O' Shaughnessy (2001) notes that some political scientists have been completely negative towards the concept of political marketing. But, a small group of them have embraced it by pointing out its distinctive strengths which are not accessible through political science theory. On a similar note, Lees-Marshment (2001a) argues that political marketing analysis could help explain party behaviour and predict its consequences. Thus, it has the potential to advance the understanding of political behaviour.

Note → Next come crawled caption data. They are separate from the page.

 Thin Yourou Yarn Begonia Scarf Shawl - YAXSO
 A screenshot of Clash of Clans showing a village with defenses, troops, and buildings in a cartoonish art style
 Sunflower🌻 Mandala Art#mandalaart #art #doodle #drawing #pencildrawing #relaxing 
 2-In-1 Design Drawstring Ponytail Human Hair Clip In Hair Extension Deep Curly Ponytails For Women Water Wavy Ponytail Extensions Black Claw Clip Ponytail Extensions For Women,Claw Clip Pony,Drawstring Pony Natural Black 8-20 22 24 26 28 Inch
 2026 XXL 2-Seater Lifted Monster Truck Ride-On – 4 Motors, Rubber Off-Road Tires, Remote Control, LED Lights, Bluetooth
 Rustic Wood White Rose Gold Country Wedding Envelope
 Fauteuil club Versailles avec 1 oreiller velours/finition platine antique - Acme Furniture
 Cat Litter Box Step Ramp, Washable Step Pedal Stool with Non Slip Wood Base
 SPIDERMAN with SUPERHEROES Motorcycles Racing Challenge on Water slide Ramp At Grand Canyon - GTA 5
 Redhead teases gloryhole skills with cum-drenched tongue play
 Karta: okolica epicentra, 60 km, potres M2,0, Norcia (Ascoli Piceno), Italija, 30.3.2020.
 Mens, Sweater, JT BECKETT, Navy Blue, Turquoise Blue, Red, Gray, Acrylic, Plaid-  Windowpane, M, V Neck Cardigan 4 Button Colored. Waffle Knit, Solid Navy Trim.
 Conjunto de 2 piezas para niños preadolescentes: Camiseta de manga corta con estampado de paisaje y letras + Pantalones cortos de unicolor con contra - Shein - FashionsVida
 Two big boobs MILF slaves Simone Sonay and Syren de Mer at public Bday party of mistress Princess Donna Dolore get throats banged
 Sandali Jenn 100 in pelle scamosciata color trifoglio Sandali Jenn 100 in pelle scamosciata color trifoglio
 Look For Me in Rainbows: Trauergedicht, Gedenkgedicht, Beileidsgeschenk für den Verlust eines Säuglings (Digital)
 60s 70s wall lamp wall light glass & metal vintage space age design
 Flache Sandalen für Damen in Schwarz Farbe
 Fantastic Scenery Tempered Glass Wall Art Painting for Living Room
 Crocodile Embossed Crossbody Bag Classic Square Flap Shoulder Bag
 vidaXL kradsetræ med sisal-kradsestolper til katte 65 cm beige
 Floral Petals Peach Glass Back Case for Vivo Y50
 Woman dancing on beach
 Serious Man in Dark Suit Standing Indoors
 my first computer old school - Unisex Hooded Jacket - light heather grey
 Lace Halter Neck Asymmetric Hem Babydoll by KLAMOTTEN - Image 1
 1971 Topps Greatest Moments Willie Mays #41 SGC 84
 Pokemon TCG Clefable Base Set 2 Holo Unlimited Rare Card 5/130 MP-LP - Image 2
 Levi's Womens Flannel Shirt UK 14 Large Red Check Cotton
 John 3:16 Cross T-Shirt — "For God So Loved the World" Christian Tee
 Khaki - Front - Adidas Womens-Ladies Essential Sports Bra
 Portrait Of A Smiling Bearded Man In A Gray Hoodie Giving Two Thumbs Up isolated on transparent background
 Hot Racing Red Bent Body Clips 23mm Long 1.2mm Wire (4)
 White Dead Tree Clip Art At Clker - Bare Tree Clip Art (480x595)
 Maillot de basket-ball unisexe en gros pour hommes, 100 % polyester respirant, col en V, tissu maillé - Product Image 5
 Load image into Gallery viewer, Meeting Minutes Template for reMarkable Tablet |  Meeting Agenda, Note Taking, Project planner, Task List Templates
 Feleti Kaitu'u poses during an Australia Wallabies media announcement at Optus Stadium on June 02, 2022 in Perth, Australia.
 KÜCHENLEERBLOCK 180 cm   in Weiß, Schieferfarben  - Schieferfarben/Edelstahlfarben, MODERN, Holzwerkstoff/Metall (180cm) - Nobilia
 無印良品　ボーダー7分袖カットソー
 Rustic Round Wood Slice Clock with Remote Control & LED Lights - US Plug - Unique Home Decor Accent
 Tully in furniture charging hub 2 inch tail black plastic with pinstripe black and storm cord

Moreover, as Butler and Collins (1999) emphasise, political science focuses on institutional relationships and the policy-making process, and thus, political marketing can be useful by focusing on campaign strategy and management. The already existing body of marketing knowledge and technical expertise can also broaden the understanding of political motivation and behaviour.

6

A new role for political marketing: the permanent campaign

Scammell (1995) argues that the blurring of boundaries between governing and permanent campaigning could lead to the engineering of consent. She also notes the worrying fact of political consultants' participation "into the inner sanctum of government" (p. 14). Still, she counterargues that the application of the marketing concept in politics may result in politics becoming more democratic. Political marketing can improve the quantity and quality of information flows from the electorate to parties and candidates, thus making them more sensitive and responsive to voters' needs. At the same time, it improves the channels of communication from politicians to the electorate and even more to every specific segment of voters. Thus, Scammell (1995) concludes that "`political marketing' provides a rational way for parties or candidates to behave in conditions of competitive mass democracy" (p. 18-19).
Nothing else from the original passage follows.